Task instructions = Among the entries below, retype exactly the lines starting with the one with "3 Lladro Porcelain Cat Figurines" and going on through the one with "Cash Money Skull", but not the pictures.

Record extracts =
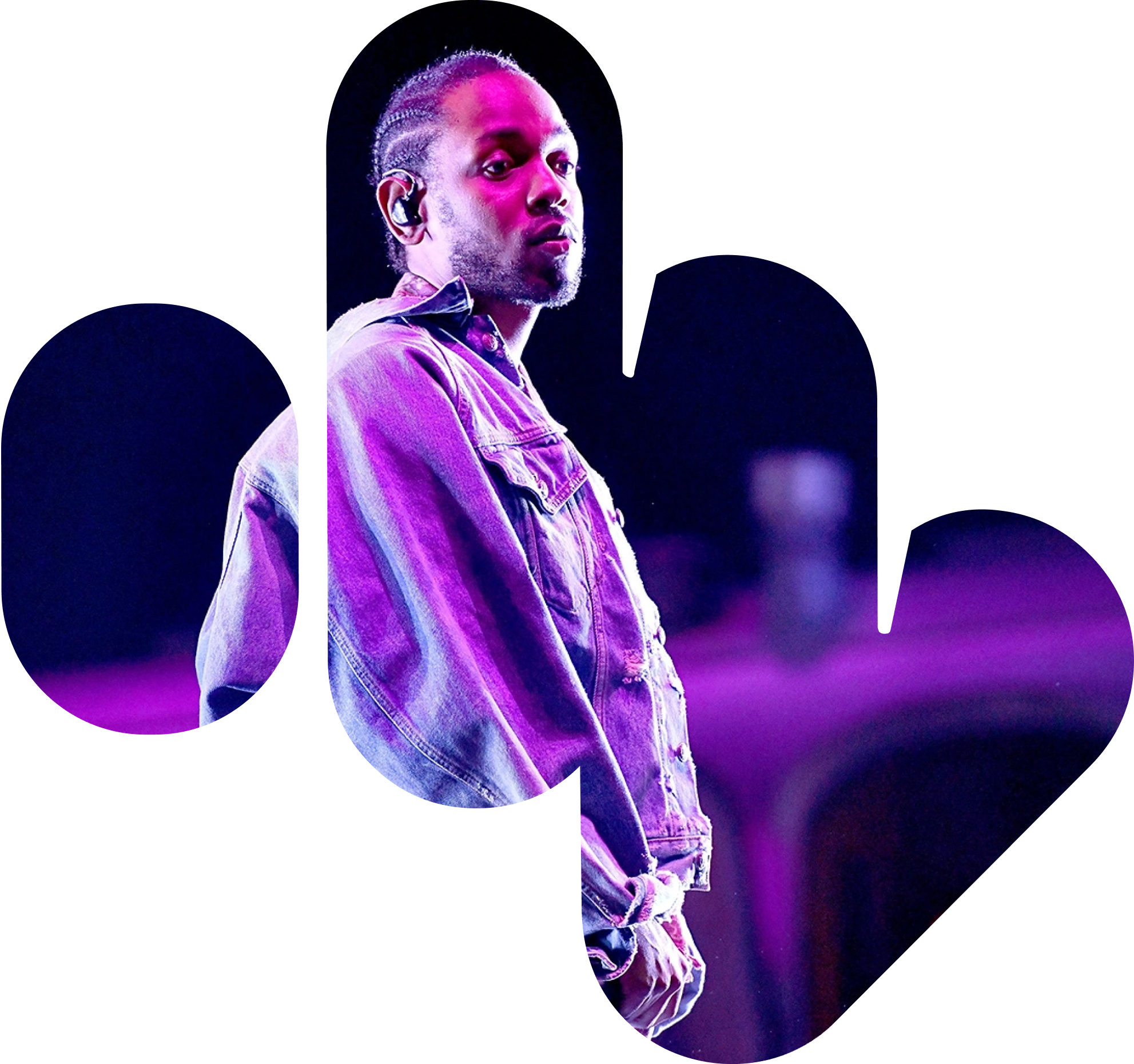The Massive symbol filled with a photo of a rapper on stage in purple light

==

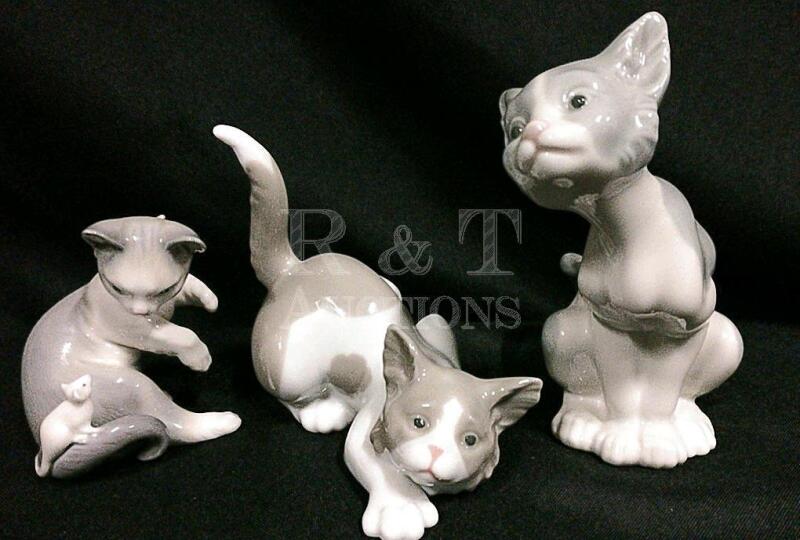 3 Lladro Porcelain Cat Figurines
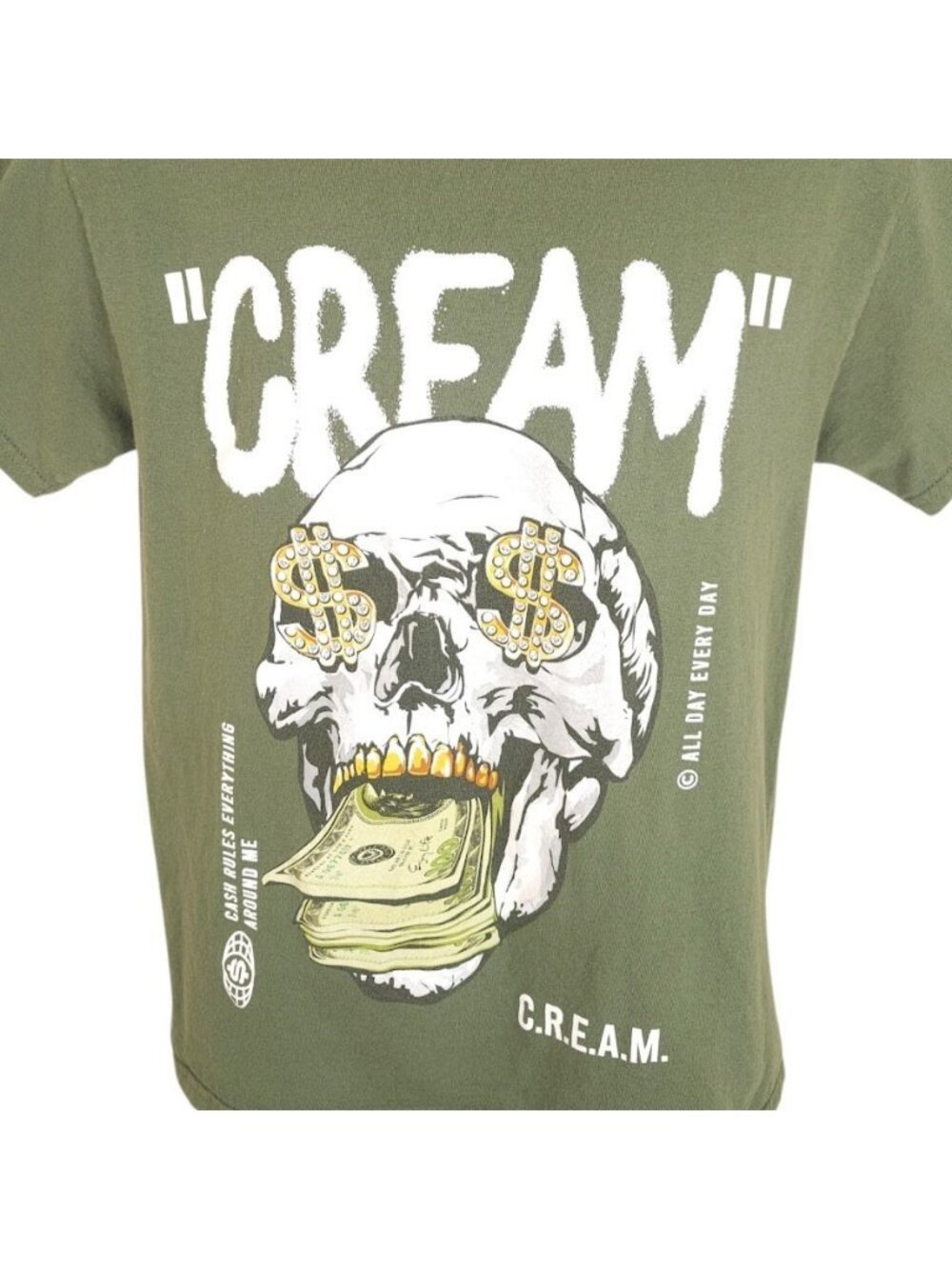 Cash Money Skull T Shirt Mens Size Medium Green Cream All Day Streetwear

Exercise output =
 3 Lladro Porcelain Cat Figurines
 Cash Money Skull T Shirt Mens Size Medium Green Cream All Day Streetwear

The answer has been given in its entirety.